- **WHAT THIS TASK INVOLVES**
Reproduction of part of the material below, pictures omitted: copy exactly, and only, the lines starting with the one with "11710 Hillcroft St, Houston, TX" and going on through the one with "Street art of".

↓

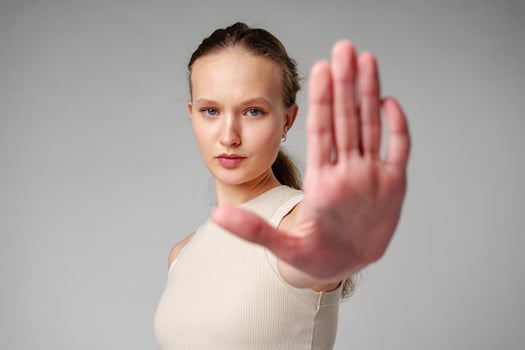 Young Woman Making Stop Sign With Hands on gray background photo
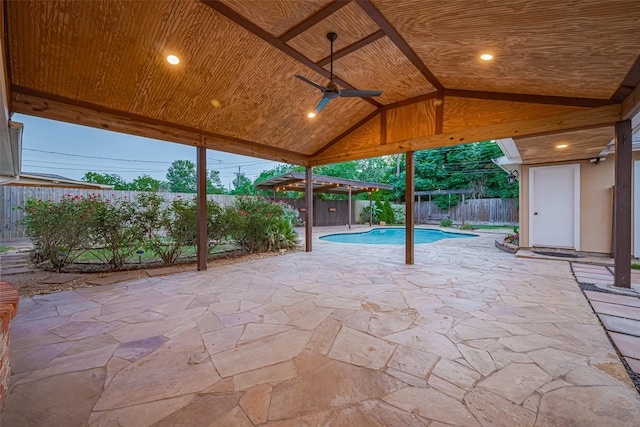 11710 Hillcroft St, Houston, TX 77035 - fenced backyard featuring a ceiling fan and a patio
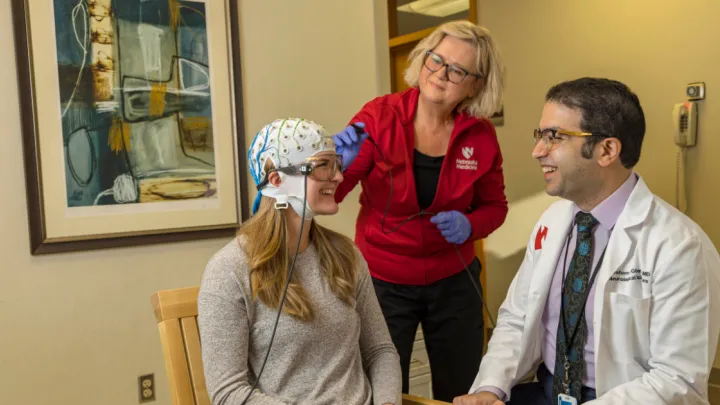 Doctor and nurse talking to patient with MEG helmet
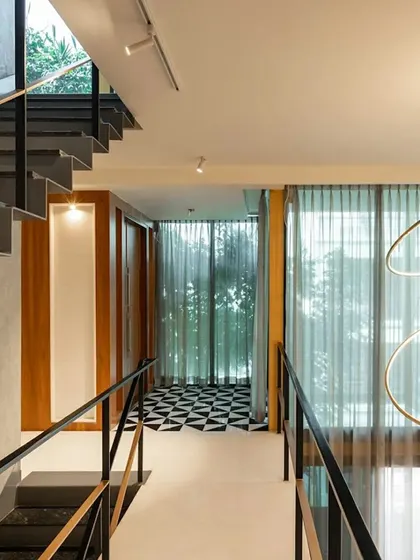 The bridge on an upper level of 'SOL' connects two private zones. The design uses a bold checkered floor pattern as a visual accent, demonstrating how we introduce surprising details to animate circulation spaces.
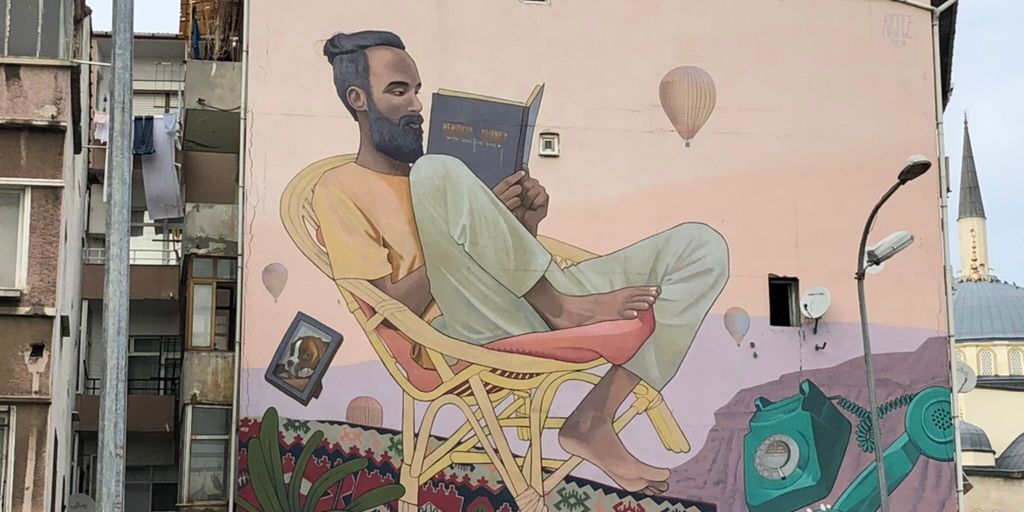 Street art of a man sitting reading a book with hot air balloons in the background and a phone that is off the hook. 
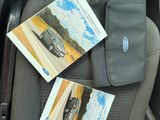 a car seat with two books on it and a bag in the back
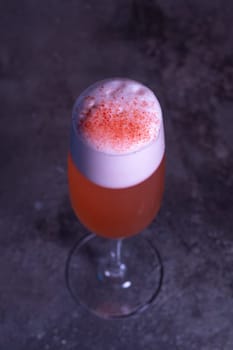 top view of a red refreshing cocktail with foam in a glass on a gray background.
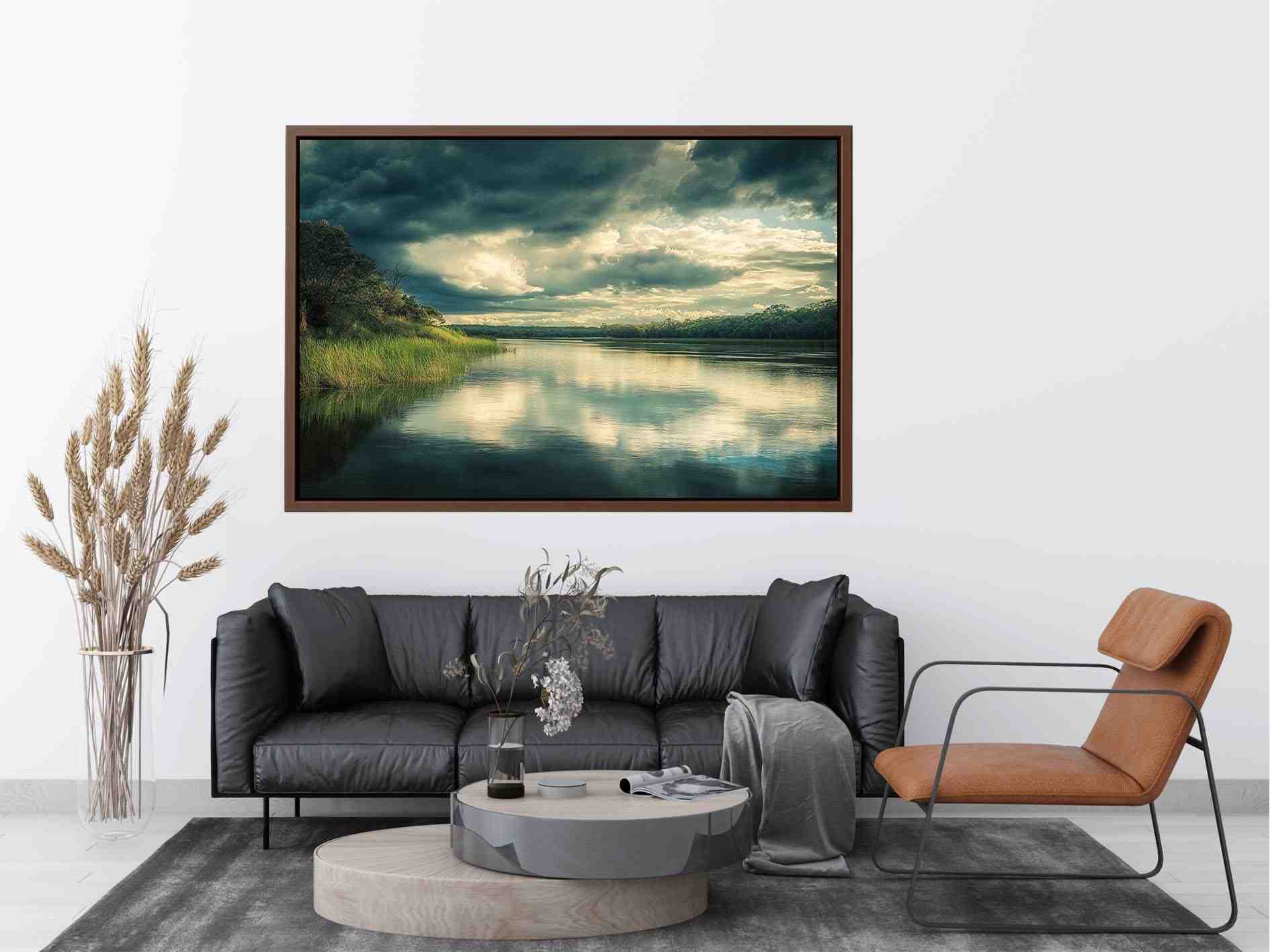 Moody lake Canvas Print with dramatic clouds and reflections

↑

- **OUTPUT FOR THIS EXERCISE**
 11710 Hillcroft St, Houston, TX 77035 - fenced backyard featuring a ceiling fan and a patio
 Doctor and nurse talking to patient with MEG helmet
 The bridge on an upper level of 'SOL' connects two private zones. The design uses a bold checkered floor pattern as a visual accent, demonstrating how we introduce surprising details to animate circulation spaces.
 Street art of a man sitting reading a book with hot air balloons in the background and a phone that is off the hook. 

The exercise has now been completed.